Geoinformation system for prediction of forest fire danger caused by solar radiation using remote sensing Nikolay V. Baranovskiy*, Elena P. Yankovich National Research Tomsk Polytechnic University, 30 Lenin av., Tomsk, Russia 634050 ABSTRACT This article reviews the project of subsystem that reflects the Earth remote sensing data from the space in order to monitor the forest fire danger, caused by the focused solar radiation effect. This subsystem is based on the use of sensing data from the MODIS instrument aboard the Terra satellite. We consider the Timiryazevsky Forestry of Tomsk region to be a typical territory of the boreal forest zone. To estimate the forest fire danger level, we use an original method to classify the forest areas according to their characteristics (the ground mensuration data) and the main meteorological parameters, namely, the cloud cover on this territory, obtained from the MODIS satellite data. Keywords: forest fire, danger, geoinformation system, solar radiation, cloud, MODIS

1. Introduction According to [1,2], the reasons why forest fires occur are quite various, but can be divided into natural and anthropogenic components. Anthropogenic factors include felony arson, careless usage of fire, the impact of railway lines and motor highways, and the presence of settlements or technological objects on the forested territories [1]. The igniting mechanisms can be the effects of the particles, heated up to high temperature, the radiative or convective heat flux, etc. [3]. The natural factors should include the fact that forest fuels can ignite due to the cloud to ground storm discharges [4]. However some reasons have a mixed character. They refer, for example, to the fact that forest fuels can ignite due to the focused solar radiation effect [5]. In theory [6] and experiments [7] we showed that the forest fuel layer can ignite when the solar energy concentrates on the level of 15-17 kW/m2. The energy concentrators can be the glass containers, their fragments and big resin blobs. In this case, the first ones fall to the natural reasons, and the second ones to the anthropogenic factors. We have developed a physically based method to estimate the forest fire danger during the focused solar radiation effect [8]. At present, we must develop the technology that will answer the forestry management needs. Its base should be this forest fire danger detection method. The purpose of the study is to develop a subsystem that reflects the Earth remote sensing data from the space in order to monitor the forest fire danger, caused by the focused solar radiation effect. There is growing awareness of the increases in frequency and intensity of wildfires across Siberia and their impact on the economy, human health 1,2 and climate change 3,4. The spread and evolution of Siberian wildfires over the recent decades have been revealed successfully by satellite observations.
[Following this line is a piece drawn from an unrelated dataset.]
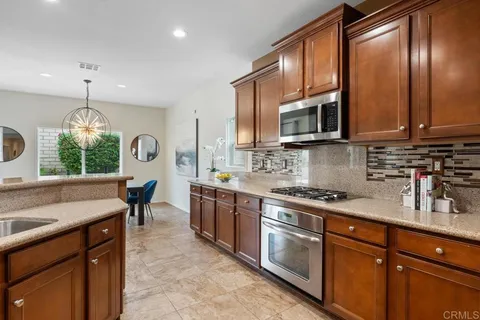 a kitchen with stainless steel appliances granite countertop a sink stove and microwave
For example, Moderate Resolution Imaging Spectroradiometer (MODIS) sensors on NASA’s Terra and Aqua satellites have provided a valuable fire-related product, which includes a rich data source about area burned, fire intensity and long-range plumes transport of Siberian wildfires 5. The recent intercontinental smoke transport from Siberian fires (summer 2012) to British Columbia (Canada) (Figure 1) illustrates the intensity of severe fires occurred in Siberia.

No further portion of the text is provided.